Leucine-rich repeat kinase 2 (LRRK2) mutations are the most common cause of Parkinson disease (PD). Several dominantly inherited pathogenic substitutions have been identified in different domains of the Lrrk2 protein. Herein, we characterize the clinical and genetic features associated with Lrrk2 p.R1441C.
We identified 33 affected and 15 unaffected LRRK2 c.4321C>T (p.R1441C) mutation carriers through an international consortium originating from three continents. The age-specific cumulative incidence of PD was calculated by Kaplan-Meier analysis.

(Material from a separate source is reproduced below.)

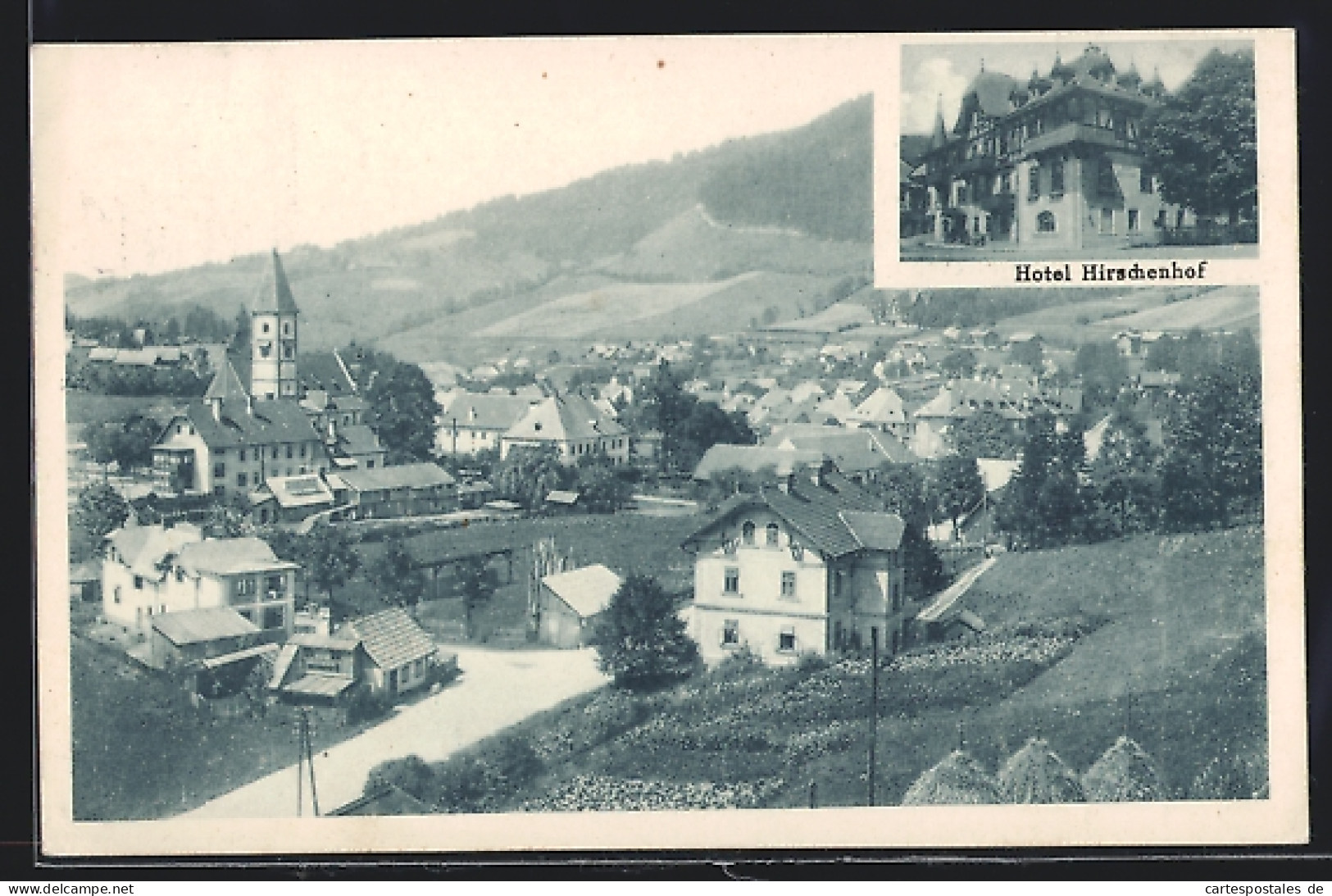 AK Spital A. Semmering, Hotel Hirschenhof, Teilansicht Mit Kirche  - Altri & Non Classificati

The clinical presentation of Lrrk2 p.R1441C carriers was similar to sporadic PD and Lrrk2 p.G2019S parkinsonism. The mean age at onset for parkinsonism was 60 years, range 30-79 years; fewer than 20% of the patients had symptoms before the age 50 years, while by 75 years >90% of them had developed symptoms. Haplotype analysis suggests four independent founders for the p.R1441C mutation.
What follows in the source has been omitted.